El objeto fue detectado por primera vez por un observatorio en Hawái, que contiene el telescopio panorámico Pan-STARRS, el de mayor definición en la tierra.

El objeto espacial fue denominado “Oumuamua”, que en hawaiano significa “explorador”.

Al principio, los científicos pensaron que era un cometa ordinario.
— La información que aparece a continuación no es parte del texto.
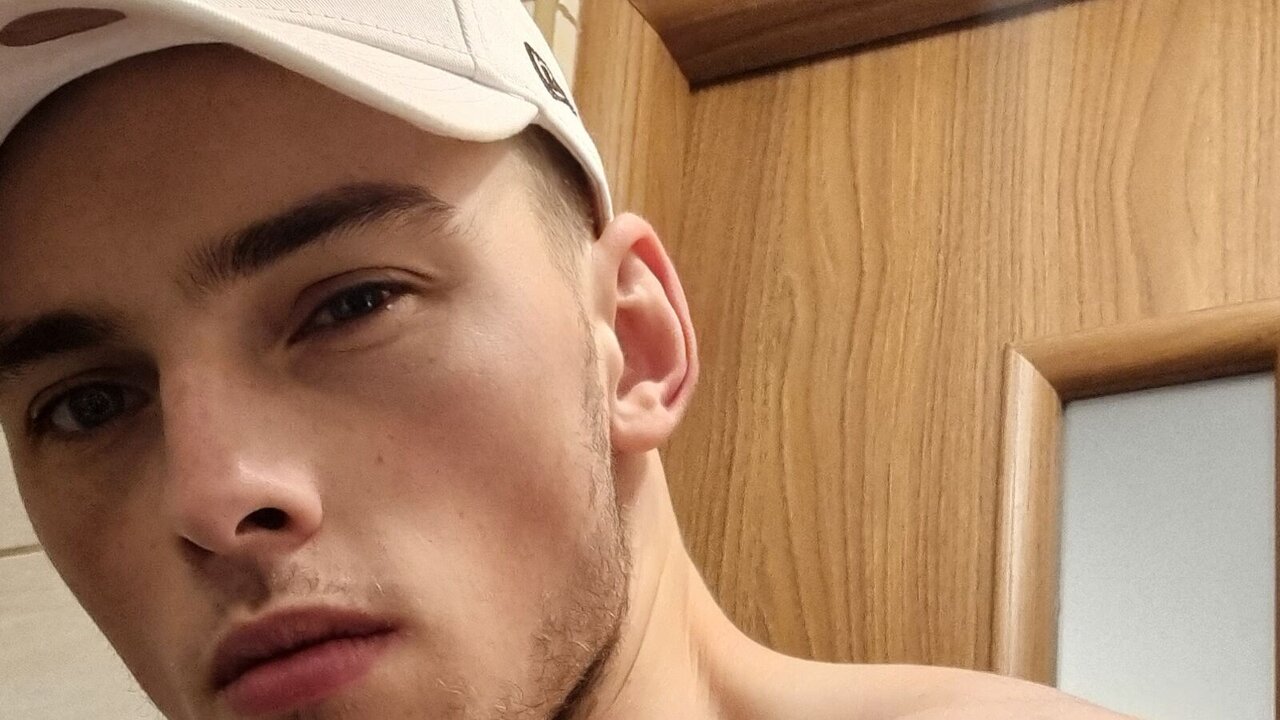 Catch MarkOlberg’s Private Cam Show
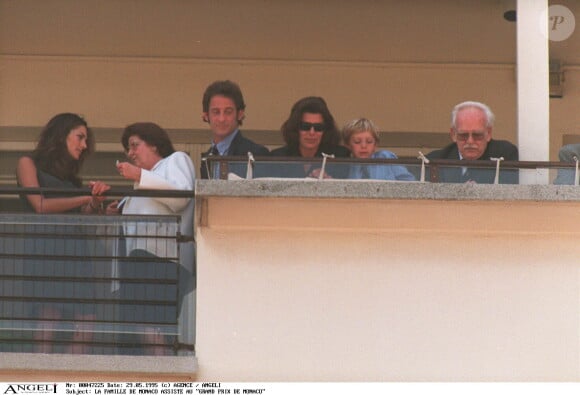 La famille de Monaco assiste au Grand Prix de Formule 1 de Monaco en 1995 - Caroline est avec Vincent Lindon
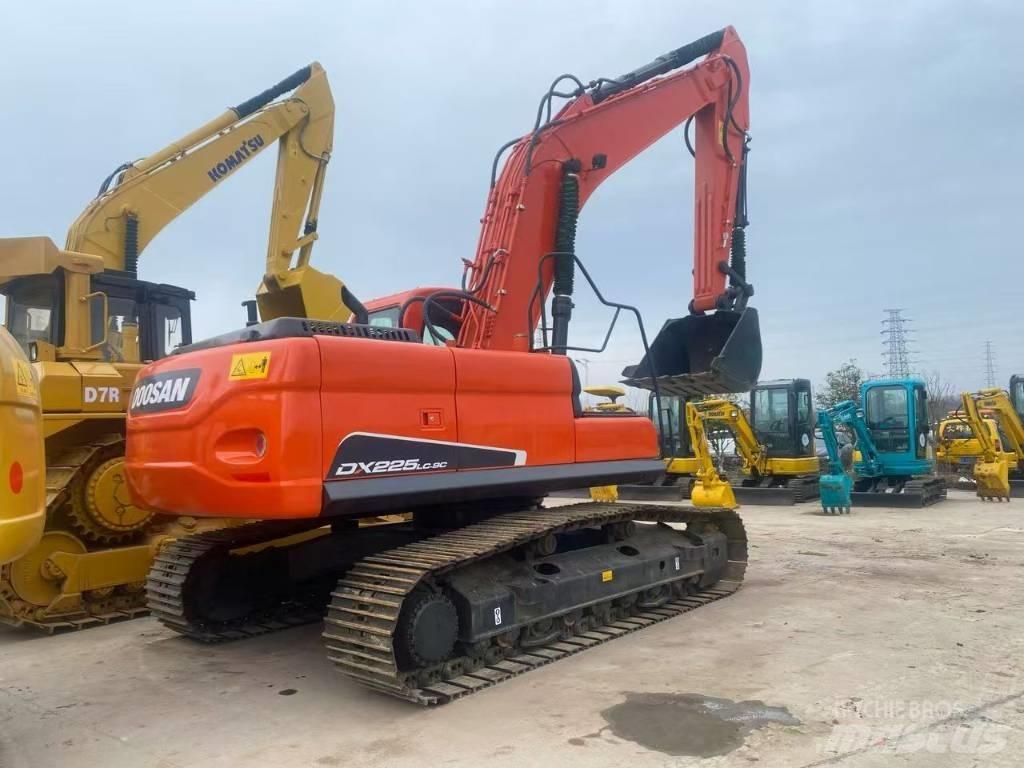 Doosan DX 225 LC 履带挖掘机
Pero Loeb dijo que esa suposición corría el riesgo de permitir que “lo familiar defina lo que podríamos descubrir”.

“¿Qué pasaría si un hombre de las cavernas viera un teléfono celular?”, preguntó. “Ha visto rocas toda su vida, y habría pensado que era solo una roca brillante”, respondió.

Loeb pronto abrió su mente a otra posibilidad: no era un cometa, sino tecnología descartada de una civilización alienígena.

Varias propiedades inusuales sobre el objeto ayudaron a Loeb a llegar a esta conclusión. Primero fueron las dimensiones de “Oumuamua”.

Los astrónomos observaron la forma en que el objeto reflejaba la luz solar. Su brillo variaba 10 veces cada ocho horas, lo que sugiere que esa fue la cantidad de tiempo que tardó en completar una rotación completa.